Print out the data exactly, keeping every image out of it.

———

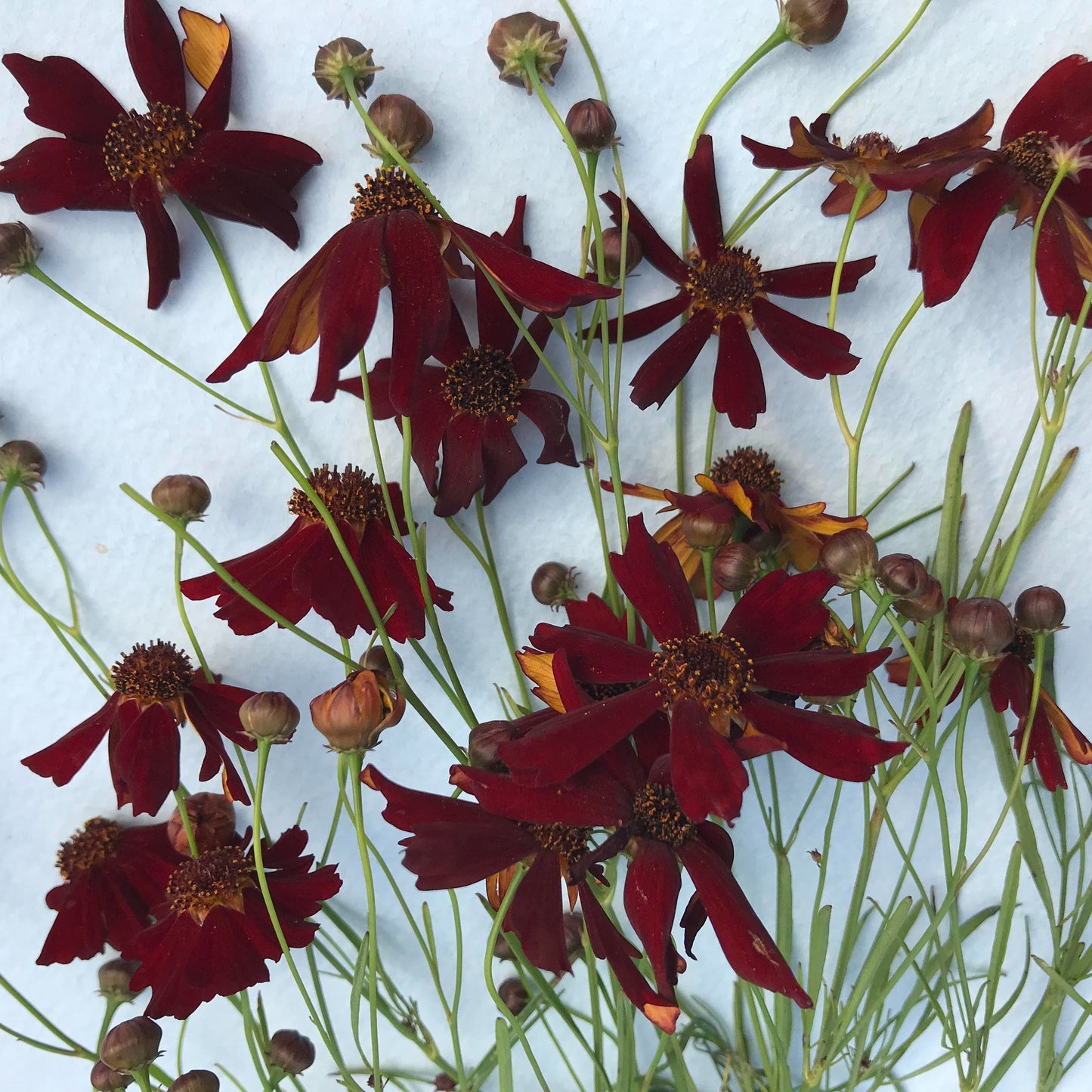 Dyer's Coreopsis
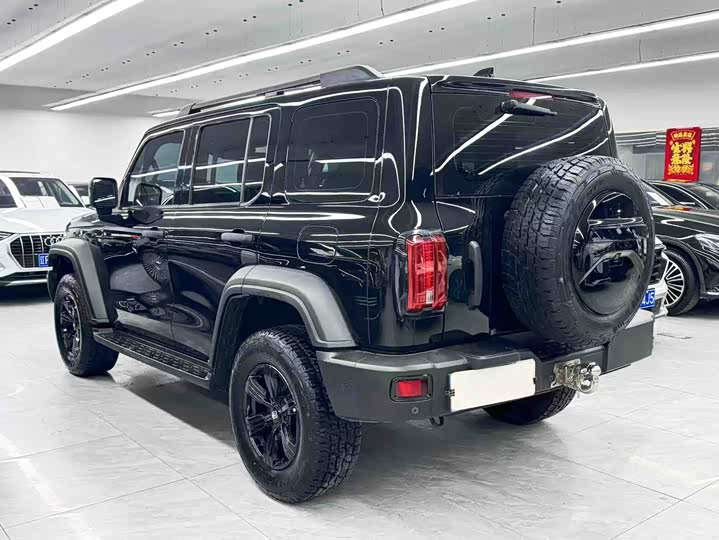 Фото 4 - Tank 300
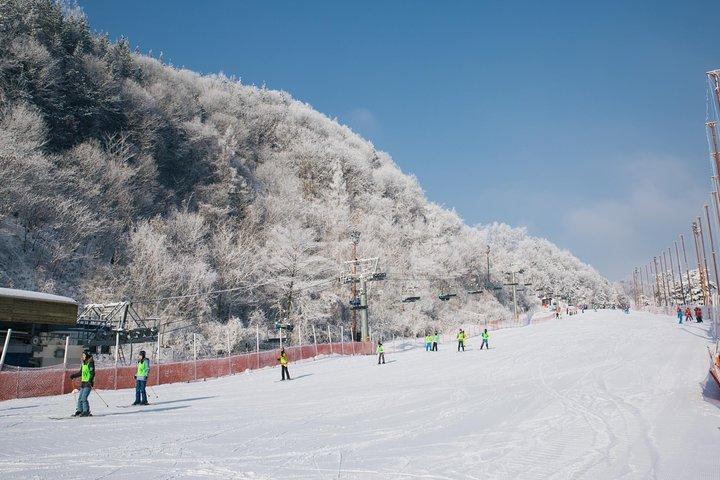 Private Ski Tour(Lesson) near Seoul at Elysian Gangchon Resort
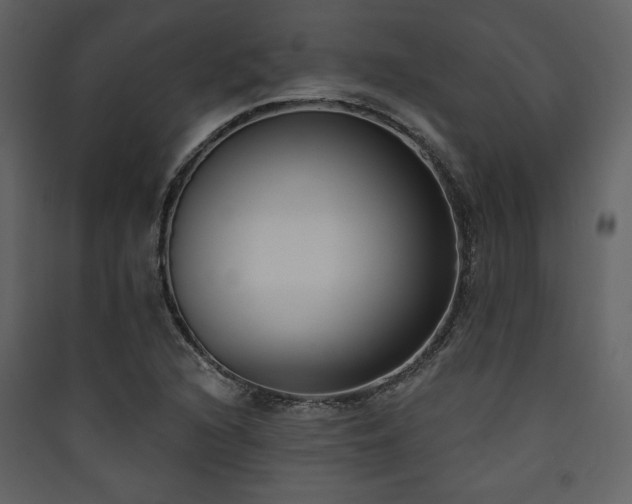 X0000090421216200707131201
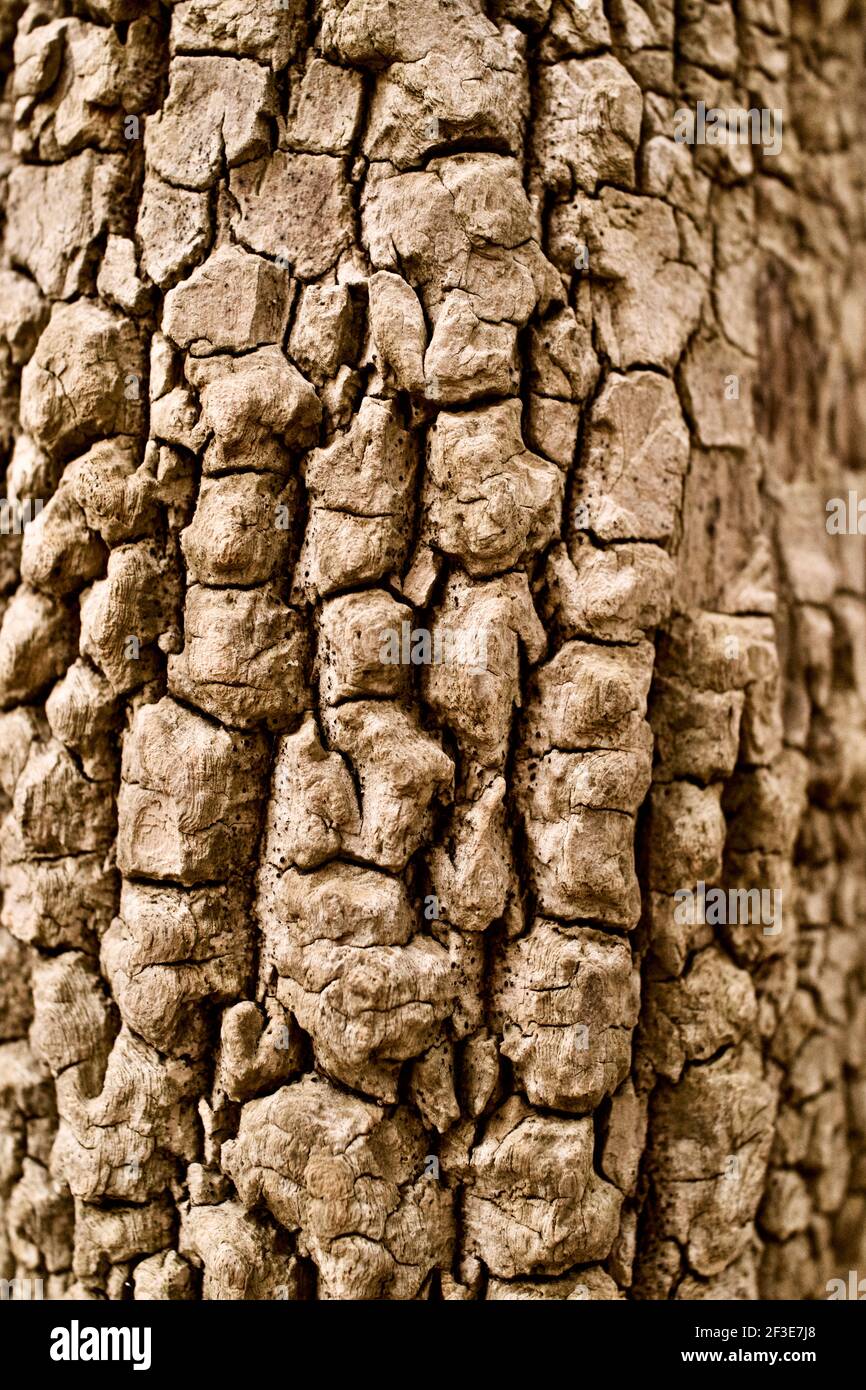 Detail der Baumrinde in Johnson Park, Raleigh, North Carolina, USA Stockfoto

———

→ **RESULT**
 Dyer's Coreopsis
 Фото 4 - Tank 300
 Private Ski Tour(Lesson) near Seoul at Elysian Gangchon Resort
 X0000090421216200707131201
 Detail der Baumrinde in Johnson Park, Raleigh, North Carolina, USA Stockfoto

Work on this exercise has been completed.